> Instructions to follow
Leave out the lines before the one with "fabric by the"; output that line and all remaining lines of the records exactly.
*** Opening Task input ***
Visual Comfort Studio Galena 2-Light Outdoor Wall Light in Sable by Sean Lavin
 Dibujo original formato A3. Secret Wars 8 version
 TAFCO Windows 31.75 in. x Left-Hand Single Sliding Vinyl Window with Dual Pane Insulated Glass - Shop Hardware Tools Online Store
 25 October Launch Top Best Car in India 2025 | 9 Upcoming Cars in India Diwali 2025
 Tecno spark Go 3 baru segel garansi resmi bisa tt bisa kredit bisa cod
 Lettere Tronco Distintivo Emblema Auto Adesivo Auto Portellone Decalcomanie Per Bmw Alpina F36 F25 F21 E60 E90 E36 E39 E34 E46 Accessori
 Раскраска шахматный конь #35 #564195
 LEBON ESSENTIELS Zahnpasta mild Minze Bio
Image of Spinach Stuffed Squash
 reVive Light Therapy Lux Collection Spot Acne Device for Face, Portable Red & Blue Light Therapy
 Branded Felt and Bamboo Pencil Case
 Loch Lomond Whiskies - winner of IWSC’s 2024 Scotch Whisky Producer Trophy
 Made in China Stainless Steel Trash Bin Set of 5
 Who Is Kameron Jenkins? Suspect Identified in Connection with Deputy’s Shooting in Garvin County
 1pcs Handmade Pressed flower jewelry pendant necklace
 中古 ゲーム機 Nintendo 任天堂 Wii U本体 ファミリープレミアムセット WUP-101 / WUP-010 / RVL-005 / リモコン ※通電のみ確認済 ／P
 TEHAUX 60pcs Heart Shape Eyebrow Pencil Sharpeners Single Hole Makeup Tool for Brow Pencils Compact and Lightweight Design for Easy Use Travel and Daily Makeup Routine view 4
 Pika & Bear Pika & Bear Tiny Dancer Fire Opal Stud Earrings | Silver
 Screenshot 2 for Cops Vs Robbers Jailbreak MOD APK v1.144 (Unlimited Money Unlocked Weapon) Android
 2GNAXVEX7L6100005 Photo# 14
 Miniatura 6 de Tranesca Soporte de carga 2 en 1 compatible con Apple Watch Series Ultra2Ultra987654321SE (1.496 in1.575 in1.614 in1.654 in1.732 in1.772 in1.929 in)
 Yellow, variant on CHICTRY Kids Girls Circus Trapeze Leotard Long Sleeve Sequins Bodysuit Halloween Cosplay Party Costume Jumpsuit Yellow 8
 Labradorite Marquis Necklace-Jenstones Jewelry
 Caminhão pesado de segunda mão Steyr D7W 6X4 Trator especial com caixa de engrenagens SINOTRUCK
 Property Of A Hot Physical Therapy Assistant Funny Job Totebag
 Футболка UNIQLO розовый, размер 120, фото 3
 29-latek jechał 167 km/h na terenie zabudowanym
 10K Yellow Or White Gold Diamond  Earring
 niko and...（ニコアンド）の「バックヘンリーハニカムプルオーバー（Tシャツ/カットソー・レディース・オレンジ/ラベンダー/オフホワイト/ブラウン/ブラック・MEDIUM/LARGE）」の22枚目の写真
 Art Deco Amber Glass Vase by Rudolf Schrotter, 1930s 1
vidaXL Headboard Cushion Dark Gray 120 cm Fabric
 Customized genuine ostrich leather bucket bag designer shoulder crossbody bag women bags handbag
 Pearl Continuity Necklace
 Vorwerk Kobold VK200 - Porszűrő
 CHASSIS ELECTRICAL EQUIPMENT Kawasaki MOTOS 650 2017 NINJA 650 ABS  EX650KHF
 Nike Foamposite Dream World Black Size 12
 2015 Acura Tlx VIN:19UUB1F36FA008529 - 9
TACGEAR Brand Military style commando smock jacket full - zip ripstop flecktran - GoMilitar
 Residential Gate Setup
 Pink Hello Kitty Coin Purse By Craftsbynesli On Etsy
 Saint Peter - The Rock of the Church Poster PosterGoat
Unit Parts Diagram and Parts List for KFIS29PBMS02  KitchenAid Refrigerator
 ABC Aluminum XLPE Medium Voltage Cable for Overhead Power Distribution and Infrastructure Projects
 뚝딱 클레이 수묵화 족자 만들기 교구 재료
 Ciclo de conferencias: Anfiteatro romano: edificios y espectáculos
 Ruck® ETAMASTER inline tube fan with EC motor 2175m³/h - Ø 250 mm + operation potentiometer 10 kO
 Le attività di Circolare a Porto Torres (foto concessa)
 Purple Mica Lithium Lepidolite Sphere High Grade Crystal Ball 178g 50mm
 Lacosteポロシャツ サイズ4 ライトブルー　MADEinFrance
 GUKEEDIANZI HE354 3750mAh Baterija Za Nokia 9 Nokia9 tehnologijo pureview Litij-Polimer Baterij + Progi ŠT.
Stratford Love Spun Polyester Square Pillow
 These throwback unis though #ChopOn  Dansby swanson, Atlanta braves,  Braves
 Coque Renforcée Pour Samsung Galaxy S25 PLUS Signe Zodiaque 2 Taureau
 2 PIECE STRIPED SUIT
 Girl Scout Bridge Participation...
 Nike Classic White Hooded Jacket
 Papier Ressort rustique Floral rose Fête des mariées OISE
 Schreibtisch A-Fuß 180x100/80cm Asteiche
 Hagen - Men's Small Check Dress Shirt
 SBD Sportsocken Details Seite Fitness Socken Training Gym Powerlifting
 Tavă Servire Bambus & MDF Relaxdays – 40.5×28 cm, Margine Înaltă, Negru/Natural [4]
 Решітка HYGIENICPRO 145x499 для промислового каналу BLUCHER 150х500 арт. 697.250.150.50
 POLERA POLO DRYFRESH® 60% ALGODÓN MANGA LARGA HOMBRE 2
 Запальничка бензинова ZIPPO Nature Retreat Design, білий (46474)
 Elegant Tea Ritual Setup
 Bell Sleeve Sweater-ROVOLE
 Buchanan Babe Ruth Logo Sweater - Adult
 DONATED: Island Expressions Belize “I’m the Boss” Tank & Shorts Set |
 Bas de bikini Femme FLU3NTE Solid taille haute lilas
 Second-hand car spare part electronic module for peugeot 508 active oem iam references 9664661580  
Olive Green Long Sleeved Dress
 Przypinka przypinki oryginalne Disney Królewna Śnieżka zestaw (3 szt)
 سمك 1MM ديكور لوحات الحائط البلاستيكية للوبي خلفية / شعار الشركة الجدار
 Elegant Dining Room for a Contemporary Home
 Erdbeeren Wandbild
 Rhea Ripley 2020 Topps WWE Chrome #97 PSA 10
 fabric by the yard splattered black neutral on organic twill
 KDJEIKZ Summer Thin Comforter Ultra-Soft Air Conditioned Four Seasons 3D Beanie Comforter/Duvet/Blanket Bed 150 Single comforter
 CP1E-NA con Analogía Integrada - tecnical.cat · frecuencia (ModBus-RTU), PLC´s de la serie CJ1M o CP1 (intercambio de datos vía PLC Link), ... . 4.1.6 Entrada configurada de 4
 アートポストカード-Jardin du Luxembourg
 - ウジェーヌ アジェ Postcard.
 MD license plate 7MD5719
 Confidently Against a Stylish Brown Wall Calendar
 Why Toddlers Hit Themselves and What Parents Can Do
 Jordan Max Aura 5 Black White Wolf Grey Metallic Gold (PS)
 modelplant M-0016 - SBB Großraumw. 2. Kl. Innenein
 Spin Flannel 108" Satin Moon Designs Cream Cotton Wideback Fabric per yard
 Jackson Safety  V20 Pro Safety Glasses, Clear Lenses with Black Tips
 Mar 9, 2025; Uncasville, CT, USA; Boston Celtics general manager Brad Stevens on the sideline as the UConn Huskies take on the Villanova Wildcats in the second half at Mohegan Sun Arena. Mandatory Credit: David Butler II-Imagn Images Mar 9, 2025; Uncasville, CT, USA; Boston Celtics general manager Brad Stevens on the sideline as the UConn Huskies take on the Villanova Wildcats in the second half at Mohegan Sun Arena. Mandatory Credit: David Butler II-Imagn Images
*** Closing Task input ***
> Solution
 fabric by the yard splattered black neutral on organic twill
 KDJEIKZ Summer Thin Comforter Ultra-Soft Air Conditioned Four Seasons 3D Beanie Comforter/Duvet/Blanket Bed 150 Single comforter
 CP1E-NA con Analogía Integrada - tecnical.cat · frecuencia (ModBus-RTU), PLC´s de la serie CJ1M o CP1 (intercambio de datos vía PLC Link), ... . 4.1.6 Entrada configurada de 4
 アートポストカード-Jardin du Luxembourg
 - ウジェーヌ アジェ Postcard.
 MD license plate 7MD5719
 Confidently Against a Stylish Brown Wall Calendar
 Why Toddlers Hit Themselves and What Parents Can Do
 Jordan Max Aura 5 Black White Wolf Grey Metallic Gold (PS)
 modelplant M-0016 - SBB Großraumw. 2. Kl. Innenein
 Spin Flannel 108" Satin Moon Designs Cream Cotton Wideback Fabric per yard
 Jackson Safety  V20 Pro Safety Glasses, Clear Lenses with Black Tips
 Mar 9, 2025; Uncasville, CT, USA; Boston Celtics general manager Brad Stevens on the sideline as the UConn Huskies take on the Villanova Wildcats in the second half at Mohegan Sun Arena. Mandatory Credit: David Butler II-Imagn Images Mar 9, 2025; Uncasville, CT, USA; Boston Celtics general manager Brad Stevens on the sideline as the UConn Huskies take on the Villanova Wildcats in the second half at Mohegan Sun Arena. Mandatory Credit: David Butler II-Imagn Images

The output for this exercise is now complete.